Money will fund research into unmanned aircraft, air-to-air refuelling and other projects.
It is understood that Brussels is finalising these as Britain removes a significant obstacle to increased defence co-operation among its members.
The Guardian reported here:
“The European Union is mulling a €1bn (£870m) defence fund, as Britain’s impending departure raises hopes of deeper military cooperation in the bloc. The EU’s executive arm will outline plans on Wednesday for a fund to pool research into new military technology, such as drones, air-to-air refuelling planes and cyber-defence systems.
In an implicit challenge to Britain as it heads for the EU exit, the European commission will say that no single EU country – not even the largest – can afford to develop the most costly military equipment alone. “The development of a new generation of many major defence systems is today beyond the reach of a single EU member state.”
The Financial Times say that when the union puts forward the plan, the European Commission will rely on treaty provisions that give Brussels the right to take “any useful initiative” to promote co-ordination between member states to promote the bloc’s industrial competitiveness.
Hasn’t the European Defence Agency been doing this for years?
There are numerous EU defence agencies nowadays, created in the decade since the ratification of the Lisbon Treaty.
One might nearly get the impression that the EU wants to replace NATO.
EU is not going to replace NATO for anyone other than a core of say 9 Western European nations (Germany, France, Belgium, Austria, Italy, Spain, Portugal, Holland, Denmark).

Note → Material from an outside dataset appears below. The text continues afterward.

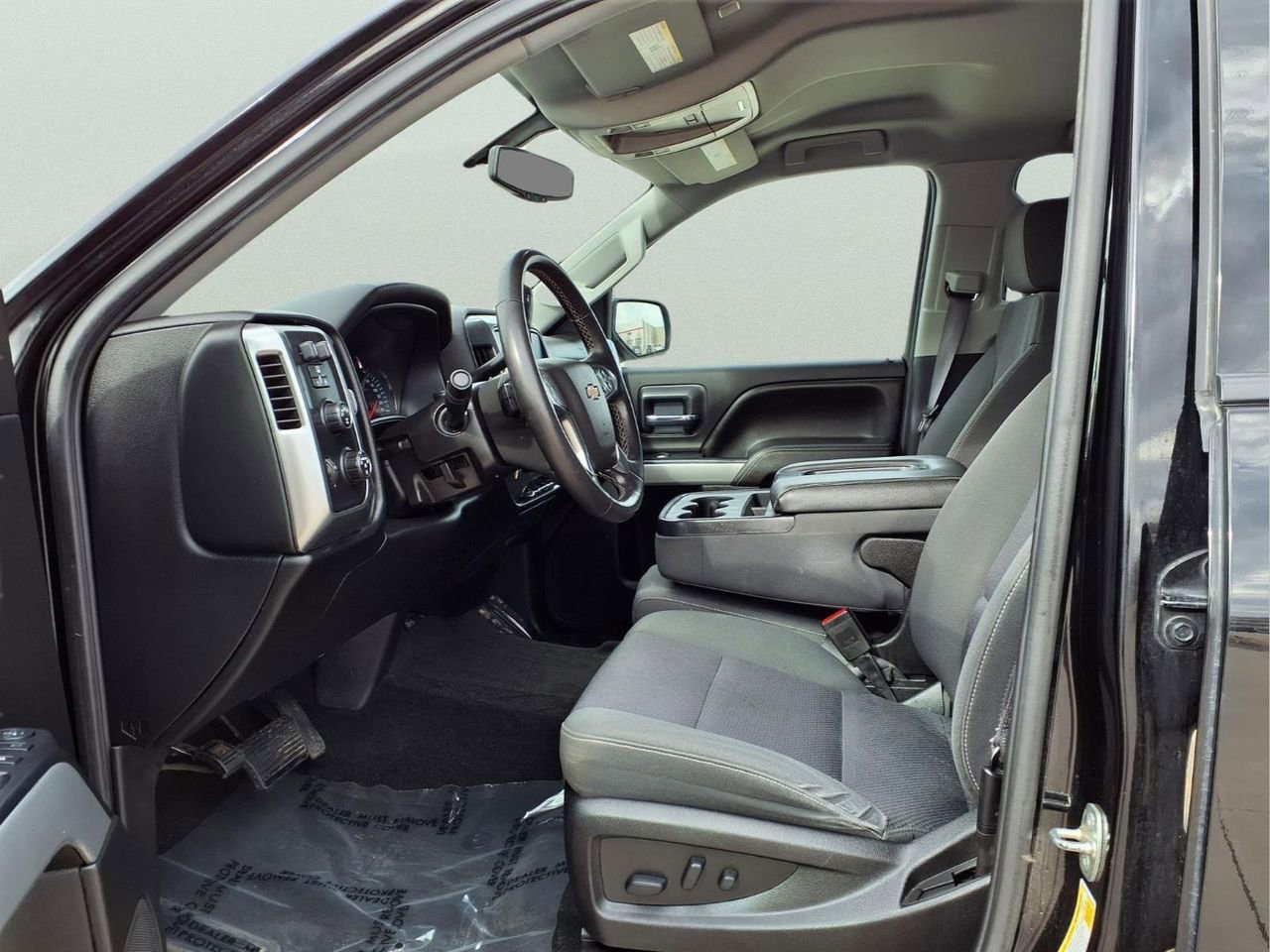 Used 2017 Chevrolet Silverado 1500 LT w/ Midnight Edition image 14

The Eastern European nations and NATO members will still cling desperately to NATO support to offset the threat for Putin’s Russia.
European defence integration will only work if they can agree to bring unique national capabilities to a wider balanced unified force. Such as French carrier strike- (France need’s a second carrier), Dutch Amphibious forces- now a weakened remnant of what was once a capable small marine corps, German air defence destroyers/ frigates and submarines, Danish special forces, etc etc. This is unlikely to happen in my lifetime as the EU 27 cannot agree on anything, except to try to slap the UK with a ridiculous leaving bill of tens of billions of £. It would seem our departure seems to have upset their dreams of never ending champagne, state diners, lots of mutual back slapping and spending of UK contributions and money on European infrastructure whilst giving little or nothing back to the UK for our membership- except of course to stop us from deporting convicted terrorists. Dream on EU.
The EU might actually have to spend somewhere near the required 2% GDP to defence ratio to actually achieve anything in defence.
So let me get this right? An organisation that was founded on the premise that mutual trade is the best way to enhance everyone’s lives and bring peace to a Continent now needs a military budget? Can we assume the trading ideology has failed then?
And for what? Given NATO is the only organisation that has kept the peace in Europe since WWII (despite the EU making that claim) and then thanks only to the generosity of the USA, and less so but also the UK, what is the point of creating yet ANOTHER military layer if it is nothing more than yet another piece in the jigsaw that will create a European superstate?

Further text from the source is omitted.